BOCA NO TROMBONE - NOTAS FUMEGANTES E EXCLUSIVAS DO BLOG


Dá ou desce

Hoje é o dia D para os ministros do PMDB no governo Dilma. E o paraense Helder Barbalho sabe que só tem duas opções: ou fica com o governo, e corre o risco de ser expulso do partido, ou sai e preserva suas chances de disputar o governo do Estado, em 2018.

Sem queijo

Pai de Helder, o senador Jader Barbalho já deu a dica: o ministro terá de resistir e ficar com Dilma. E usa um argumento forte: só rato abandona o navio em meio à tempestade. Esquece, porém, que quando o navio está sem rumo e o queijo acaba, nem rato fica na embarcação. No sentido figurado, é claro.

Cala, consente

O blog divulgou semana passada que o PAS/Iasep dos mais de 100 mil servidores do Estado será privatizado pelo governador Simão Jatene. Como ninguém apareceu até agora para contestar o que foi dito, é porque o fogo já tomou o lugar da fumaça.

Malvadeza

Pelos corredores do Banco da Amazônia, os funcionários não escondem a estranheza pelo fato de o novo presidente do Basa, Marivaldo Melo, há mais de três meses no cargo, delegar todas as entrevistas com a imprensa para apresentar os resultados de balanço e outros eventos ao diretor de Controles, Antônio Borges, também conhecido por "Tonico Malvadeza". 

Tudo na mesma

Segundo os funcionários, a ficha de Melo ainda não caiu para velhos hábitos que tornam o Basa o retrato da mesmice. Uma delas é dar "carta branca" a Antonio Borges.  Que, aliás, já se prepara para superar o recorde de seu antigo padrinho, Artur Tourinho, com mais de 10 anos de apego à função de diretor.  

Empacou

As obras do BRT da Augusto Montenegro estão devagar, e isso é motivo de comentários entre motoristas e passageiros que passam todos os dias pelo local. A justificativa apresentada são as chuvas que caem todos os dias em Belém.
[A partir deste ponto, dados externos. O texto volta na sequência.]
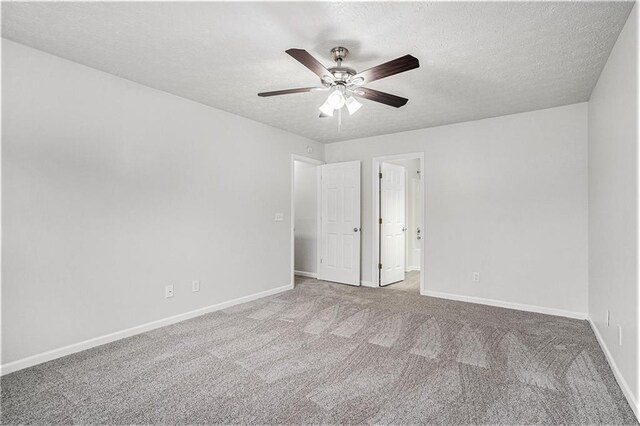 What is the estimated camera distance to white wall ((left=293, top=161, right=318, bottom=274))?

Zenaldo, se quiser sonhar com a reeleição, deveria baixar um decreto revogando o inverno.   

Deu errado

Por falar no Basa, os aposentados e pensionistas do  banco não entendem por que razão ainda perdura a Intervenção na Capaf, que já dura cinco anos. O que se diz por lá é que a última intervenção da então SPC, hoje Previc, feita com o objetivo de "sanear" a Capaf, durou sete anos e teve como resultado mais visível o aumento do déficit operacional do Fundo de Pensão de então modestos R$ 80 milhões para estratosféricos R$ 800 milhões. 

Mais do mesmo

Depois disso, apareceu uma consultoria internacional, que levou mais R$ 20 milhões para "reordenar" o saldamento dos planos da Capaf , que foram "oferecidos" aos participantes e assistidos como a solução mágica para as mazelas do órgão. Para completar o rolo, a Comissão de Inquérito, nomeada pela Previc para apurar novamente as "causas" do desarranjo da Capaf, passou seis meses apurando, não indiciou ninguém e nem apontou as causas.

De flozô

Quem está gostando disso  é o atual interventor, egresso do Banco do Brasil, que acumula sua aposentadoria com um aditivo de mais de R$ 5 mil, por conta da intervenção. 

Paga antes

As gráficas de Belém já começaram seu planejamento para a próxima campanha eleitoral. E nele há uma recomendação expressa: ou o candidato paga adiantado pelo menos a metade do serviço, ou não terá propaganda nas ruas. Calotes de eleições passadas forçaram a medida.

Balançou

Quem é do meio publicitário sabe que uma página de balanço de empresa pública ou privada, nos jornais de Belém, não sai por menos de R$ 120 mil. Na semana passada, o "Diário do Pará" publicou oito páginas com o balanço da Companhia Docas do Pará (CDP), a companhia  subordinada à Secretaria dos Portos, que tem como ministro Helder Barbalho, um dos herdeiros do jornal.

Só isso?

Segundo informou ontem à coluna o presidente da CDP, Parsifal Pontes, o valor pago ao "Diário do Pará" foi de exatos R$ 178.300,07. Na verdade, diz Parsifal, a Empresa Brasileira de Comunicação (EBC), que faz a cotação de preço, oferece um valor inicial que, no caso desse balanço, foi de R$ 356.900,63. "Não sei quais os parâmetros da EBC para chegar a esse valor", observa ele.

"O Liberal" dançou

Ocorre, ainda segundo Parsifal, que sobre os R$ 356.900,63 foi feito uma espécie de leilão "inverso" e quem oferece o menor valor leva. E quem levou foi o "Diário". O presidente da CDP informa que "O Liberal" participou do leilão e o menor valor oferecido pelo jornal dos Maiorana foi R$ 178.600,56. Ou seja, o preço a menor do vencedor foi R$ 299,51. 

Dilma do Jarbas

Entreouvido na sede da OAB do Pará: "O nosso presidente, Alberto Campos, é a Dilma do Jarbas". Pano rápido.  

4 comentários:

  1. Entendo pouco do quase nada de política... A gente pode dizer que política é o inferno e o céu ao mesmo tempo, só que para os mafiosos até o inferno é de fogo brando! Os Barbalhos que o digam. Será?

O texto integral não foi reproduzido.